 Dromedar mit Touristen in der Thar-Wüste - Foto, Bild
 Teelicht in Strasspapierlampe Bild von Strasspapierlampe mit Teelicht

---

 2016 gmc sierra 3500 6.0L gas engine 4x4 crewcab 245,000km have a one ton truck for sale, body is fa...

## PROBLEM TO SOLVE:
Line count for the string "Bild": state how many lines in the data contain it, and output nothing else.

## COMPLETED EXERCISE:
2